»»

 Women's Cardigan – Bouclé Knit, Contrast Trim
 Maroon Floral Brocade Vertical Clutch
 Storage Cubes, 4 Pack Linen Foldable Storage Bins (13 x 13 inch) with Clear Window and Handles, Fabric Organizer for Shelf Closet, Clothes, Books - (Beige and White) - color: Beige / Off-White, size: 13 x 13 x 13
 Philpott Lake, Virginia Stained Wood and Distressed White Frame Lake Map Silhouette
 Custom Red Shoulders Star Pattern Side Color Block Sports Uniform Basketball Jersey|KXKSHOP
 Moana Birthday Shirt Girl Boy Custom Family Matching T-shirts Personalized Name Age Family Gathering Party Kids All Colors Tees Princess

««

> _Requirement_: Reproduce without change every line of the entries above, from the one containing "Custom Red Shoulders" through the last.

> _Task result_:
 Custom Red Shoulders Star Pattern Side Color Block Sports Uniform Basketball Jersey|KXKSHOP
 Moana Birthday Shirt Girl Boy Custom Family Matching T-shirts Personalized Name Age Family Gathering Party Kids All Colors Tees Princess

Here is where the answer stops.